Der Aspekt der Gestaltenwandlung ist im Zusammenhang mit dem Eintauchen in virtuelle Welten deshalb besonders relevant, weil wir unser Äußeres in den meisten Fällen selbst gestalten können. So gesehen haben wir in den virtuellen Welten auch die Fähigkeit der Gestaltenwandlung. Was das für unsere virtuelle Identität bedeutet, wollen wir im Folgenden genauer betrachten.

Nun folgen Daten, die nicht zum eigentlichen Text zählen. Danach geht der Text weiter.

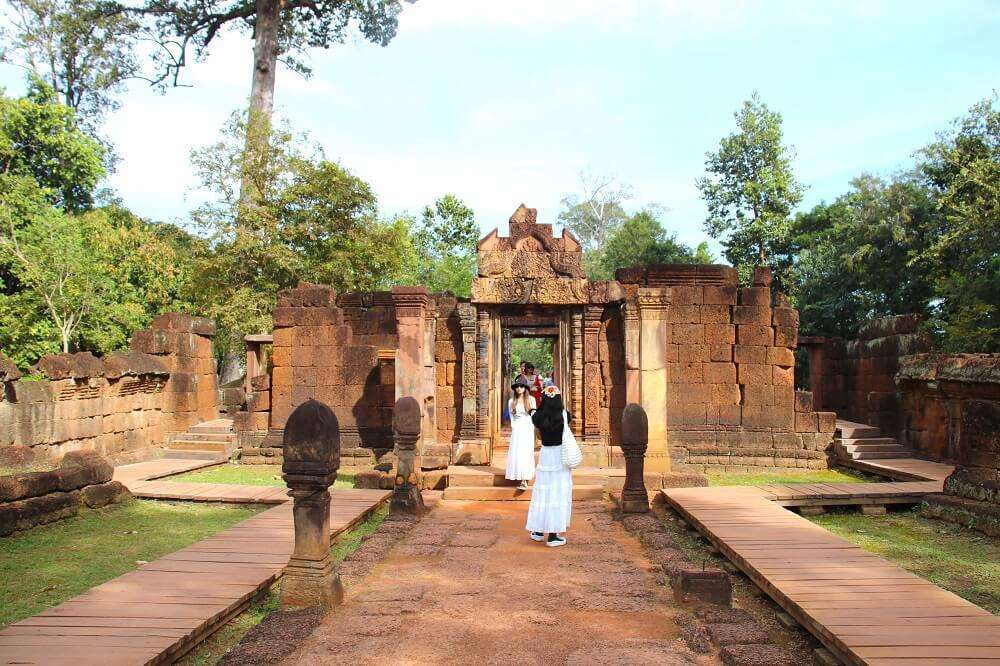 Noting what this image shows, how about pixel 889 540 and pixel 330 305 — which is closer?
pixel 889 540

Die Erstellung des Avatars ist in den meisten VR-Anwendungen äußert umfangreich. Dabei können ganz wesentliche Merkmale frei bestimmt werden: Geschlecht, Ethnie, Körpergröße, Körperform und sogar monströse Fabelwesen sind völlig legitim in den virtuellen Welten. In der Wissenschaft wurde sich diesem Thema bereits zugewandt und tatsächlich unter dem Proteus-Effekt diskutiert (Yee, Bailenson & Ducheneaut, 2009). Genauer gesagt geht es darum, wie sich Menschen mit unterschiedlich ausgestalteten virtuellen Avataren in den virtuellen Interaktionen verhalten. Eine beispielhafte Vermutung könnte wie folgt aussehen:
Eine Person erstellt sich in der virtuellen Welt einen monströsen und bedrohlich anmutenden Avatar mit 3 Meter Körpergröße und scheint sowohl in der virtuellen Realität wie aber auch unmittelbar nach ihrem Auftauchen aus der virtuellen Welt ein selbstbewussteres Verhalten an den Tag zu legen.
Der Zusammenhang zwischen dem Äußeren eines Individuums und dessen Verhalten könnte in den virtuellen Welten enger verwoben sein als im realen Leben – dies beteuern zumindest einige Studien. Insofern wird ein virtueller Avatar in der virtuellen Welt in der Interaktion mit anderen virtuellen Avataren neu sozialisiert, interpretiert und eingestuft. Das lässt die These zu, dass wir nicht nur unseren virtuellen Avatar frei definieren können, sondern auch unsere damit verknüpfte virtuelle Identität selbst konstruieren können – und zwar losgelöster und freier als dies im realen Leben der Fall ist.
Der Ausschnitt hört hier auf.